**Your task**
Go through the listing below and repeat it exactly, dropping the pictures.

**Dataset excerpt**
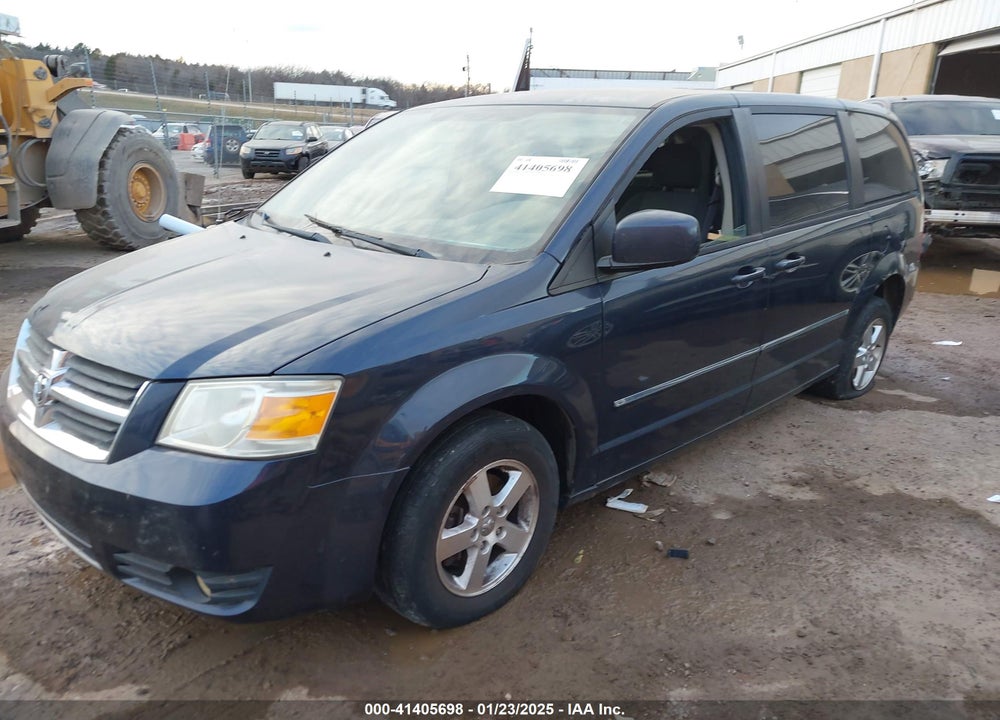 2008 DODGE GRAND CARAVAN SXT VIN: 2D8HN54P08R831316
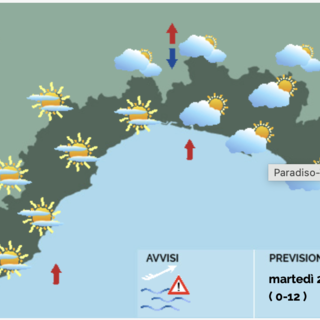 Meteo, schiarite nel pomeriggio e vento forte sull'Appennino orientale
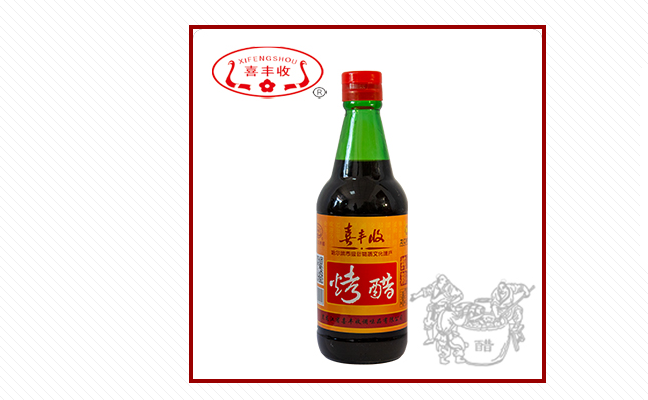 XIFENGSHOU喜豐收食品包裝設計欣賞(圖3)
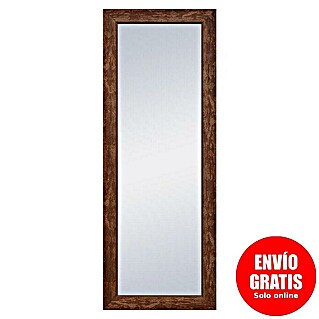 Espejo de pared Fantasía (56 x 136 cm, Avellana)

**Written response**
 2008 DODGE GRAND CARAVAN SXT VIN: 2D8HN54P08R831316
 Meteo, schiarite nel pomeriggio e vento forte sull'Appennino orientale
 XIFENGSHOU喜豐收食品包裝設計欣賞(圖3)
 Espejo de pared Fantasía (56 x 136 cm, Avellana)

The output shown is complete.